* [Instructions for the task]: Print the lines in the listing below that fall between the line with "Ouvre-boîte de sécurité, conception" and the line with "Somerset Domed Ceiling", those two lines included, exactly as they stand and with nothing else.

* [Given records]:

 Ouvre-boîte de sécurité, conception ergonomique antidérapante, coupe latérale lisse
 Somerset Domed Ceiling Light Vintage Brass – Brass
...
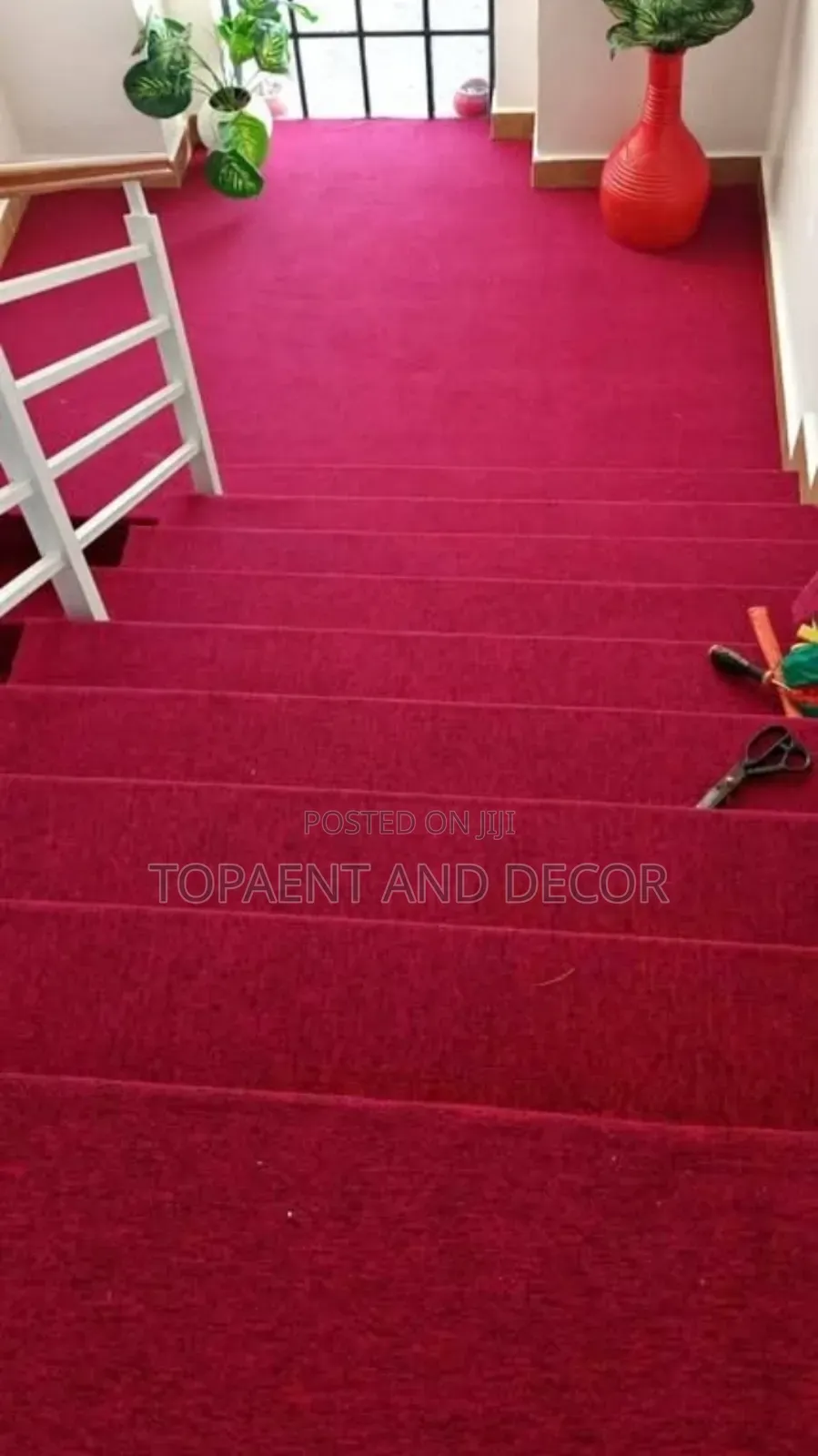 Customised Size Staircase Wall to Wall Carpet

* [Task result]:
 Ouvre-boîte de sécurité, conception ergonomique antidérapante, coupe latérale lisse
 Somerset Domed Ceiling Light Vintage Brass – Brass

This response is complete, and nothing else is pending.